Revenue in the range of $515 million to $540 million
Adjusted EBITDA in the range of $57 million to $63 million
Free cash flow in the range of $14 million to $20 million
Free cash flow guidance does not include CARES Act tax refund of ~$10 million due to uncertain timing

The 2022 Outlook assumes normal supply of semiconductor chips in the second half of 2022 and that we will not experience significant production or supply disruptions as a result of the Russia-Ukraine conflict or COVID-19.

Conference Call
NN will discuss its results during its quarterly investor conference call on March 11, 2022, at 9:00 a.m. ET. The call and supplemental presentation may be accessed via NN's website, www.nninc.com. The conference call can also be accessed by dialing 1-877-317-6789 or 1-412-317-6789, Conference ID: 10155662. For those who are unavailable to listen to the live broadcast, a replay will be available shortly after the call until March 11, 2023.

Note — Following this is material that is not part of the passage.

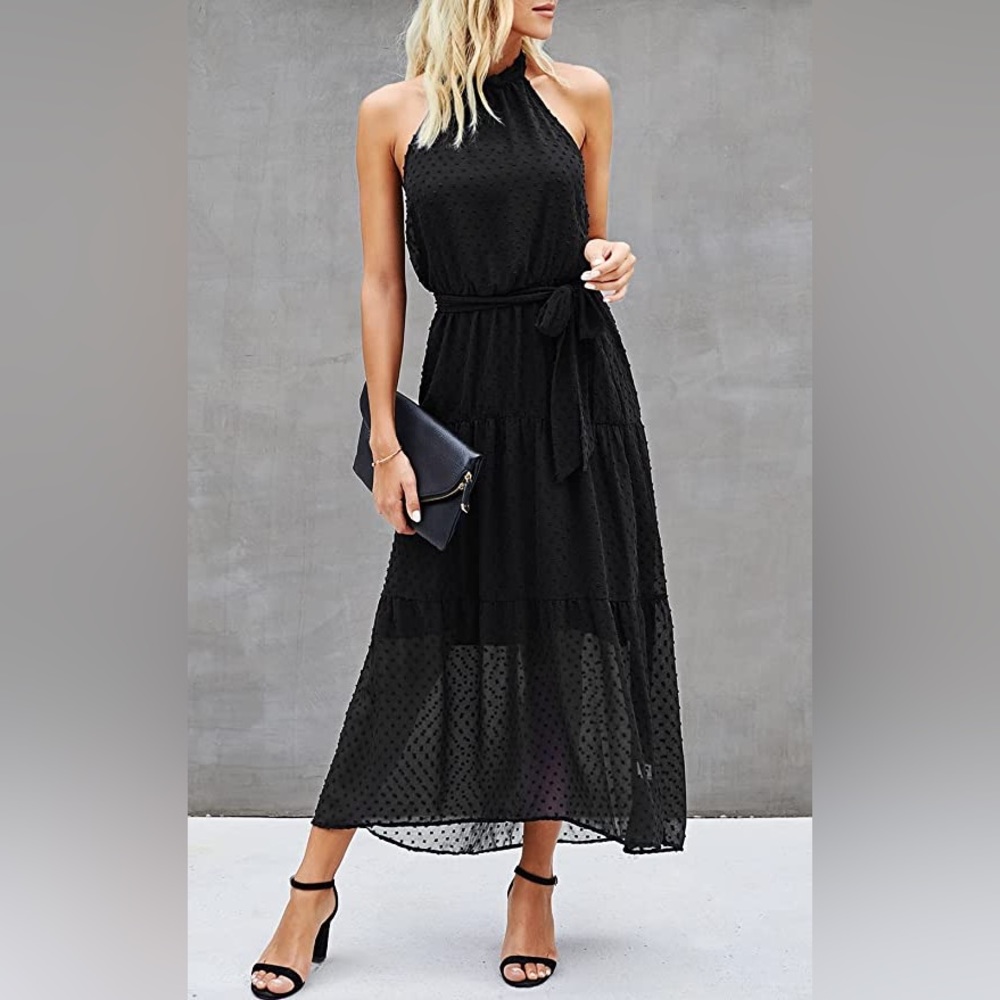 Belted Halter Neck Sleeveless, Backless Maxi Dress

NN discloses in this press release the non-GAAP financial measures of adjusted income (loss) from operations, adjusted EBITDA, adjusted net income (loss), adjusted net income (loss) per diluted common share, and free cash flow. Each of these non-GAAP financial measures provides supplementary information about the impacts of restructuring and integration expense, acquisition and transition expenses, foreign exchange impacts on inter-company loans, amortization of intangibles and deferred financing costs, and other non-operating impacts on our business.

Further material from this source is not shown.